In the 1987 Constitution, education is described not only as a state priority but also a holistic process of shaping citizens to meet national objectives. Article 2 Section 17, under State Policies, explains that education aims to “foster patriotism and nationalism, accelerate social progress, and promote total human liberation and development.” These goals can be achieved through a balanced or holistic educational process informed both by science and technology, on the one hand, and arts, culture, and sports, on the other. In other words, the kind of education our very own Constitution has supposedly set as a framework, especially for university education, preemptively opposes a one-dimensional, specialized training that disproportionately favors one form of science—say the “hard” or natural sciences—over another form—say the humanities and social sciences. After all, objectives like social progress, nationalism, and human liberation require a transdisciplinary effort to not only push for societal development but also animate this development with a living soul or spirit. To disproportionately favor one form of science over the other betrays a philosophy of education that is alienated from what is constitutionally provided.

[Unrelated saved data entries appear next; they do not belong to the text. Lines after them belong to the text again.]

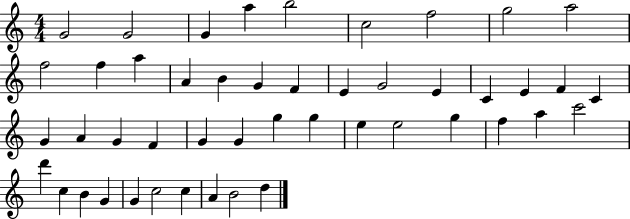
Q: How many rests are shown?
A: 0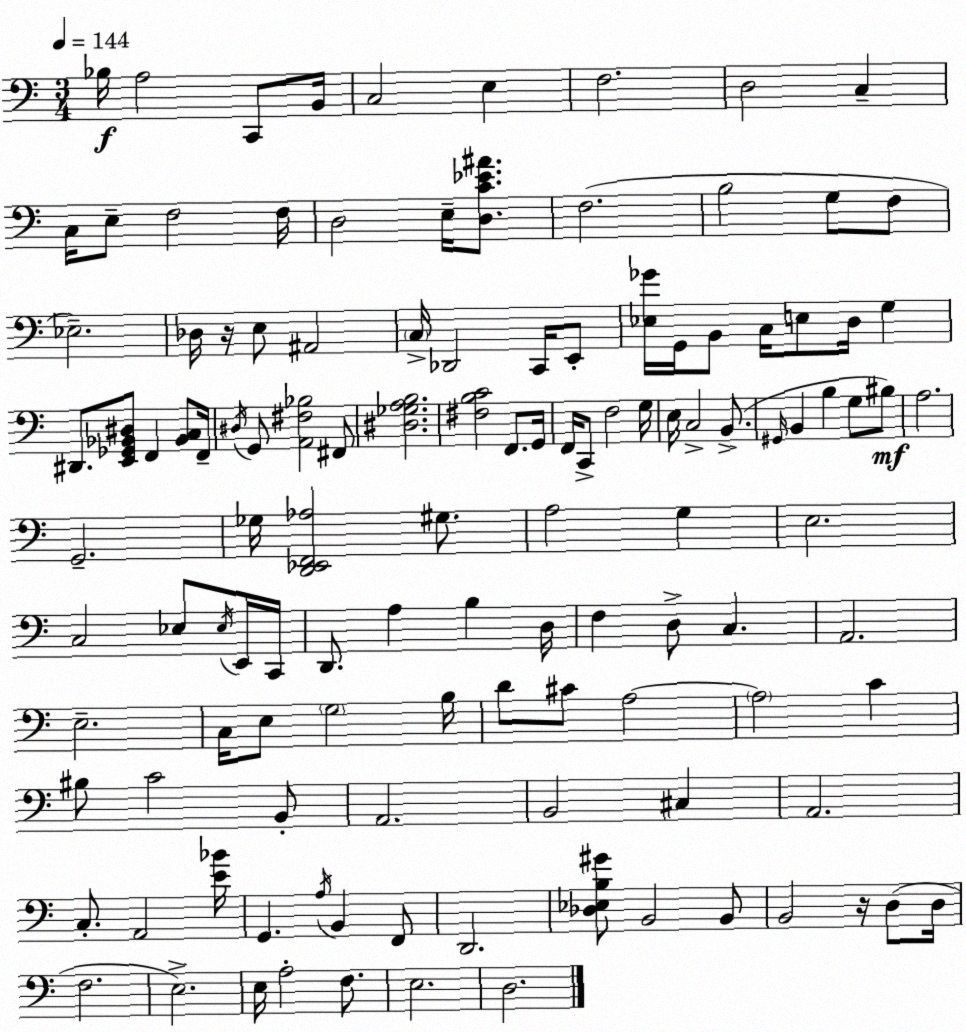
X:1
T:Untitled
M:3/4
L:1/4
K:Am
_B,/4 A,2 C,,/2 B,,/4 C,2 E, F,2 D,2 C, C,/4 E,/2 F,2 F,/4 D,2 E,/4 [D,C_E^A]/2 F,2 B,2 G,/2 F,/2 _E,2 _D,/4 z/4 E,/2 ^A,,2 C,/4 _D,,2 C,,/4 E,,/2 [_E,_G]/4 G,,/4 B,,/2 C,/4 E,/2 D,/4 G, ^D,,/2 [E,,_G,,_B,,^D,]/2 F,, [_B,,C,]/2 F,,/4 ^D,/4 G,,/2 [A,,^F,_B,]2 ^F,,/2 [^D,_G,A,B,]2 [^F,B,C]2 F,,/2 G,,/4 F,,/4 C,,/2 F,2 G,/4 E,/4 C,2 B,,/2 ^G,,/4 B,, B, G,/2 ^B,/2 A,2 G,,2 _G,/4 [D,,_E,,F,,_A,]2 ^G,/2 A,2 G, E,2 C,2 _E,/2 _E,/4 E,,/4 C,,/4 D,,/2 A, B, D,/4 F, D,/2 C, A,,2 E,2 C,/4 E,/2 G,2 B,/4 D/2 ^C/2 A,2 A,2 C ^B,/2 C2 B,,/2 A,,2 B,,2 ^C, A,,2 C,/2 A,,2 [E_B]/4 G,, A,/4 B,, F,,/2 D,,2 [_D,_E,B,^G]/2 B,,2 B,,/2 B,,2 z/4 D,/2 D,/4 F,2 E,2 E,/4 A,2 F,/2 E,2 D,2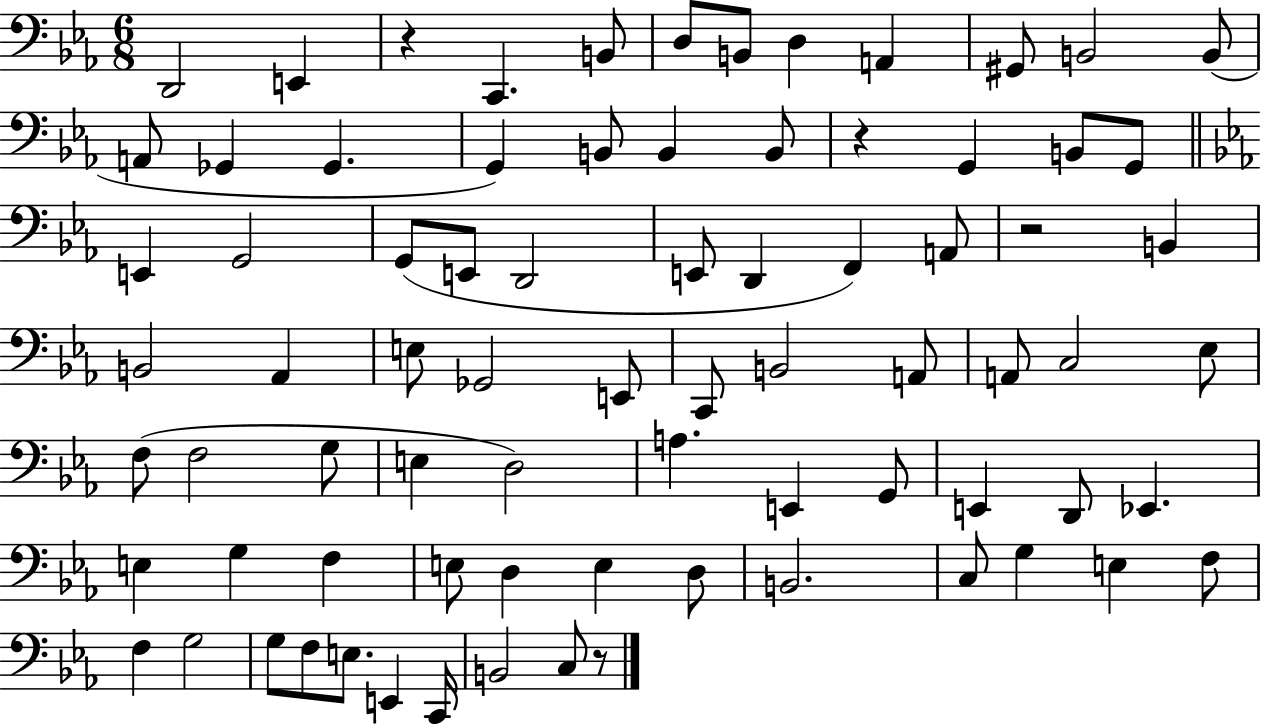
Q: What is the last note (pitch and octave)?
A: C3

The claim that GE courses, like art appreciation, the contemporary world, and ethics, are redundant as they are supposedly already covered by basic education courses, speaks of the Education Department’s weak intellectual grasp of these courses. For instance, the Union of Societies and Associations of Philosophies in the Philippines (USAPP) has released a position letter regarding the matter of removing ethics in higher education. The group argued how the education department ambiguously uses philosophy in basic education which consequently confuses it with good manners and right conduct (GMRC) and values education (VE) subjects. Beyond the perennial yet brutal truth of the need to retool basic education teachers and administrators on the rigor and discipline of philosophizing, USAPP went on to helpfully distinguish GMRC-VE from ethics. The latter primarily functions not only to teach students to obey but also to engage them to do “moral reasoning, critical analysis of ethical frameworks, and applied reflection of moral dilemmas,” intellectual exercises that require a “capacity appropriate to the cognitive maturity of university students.”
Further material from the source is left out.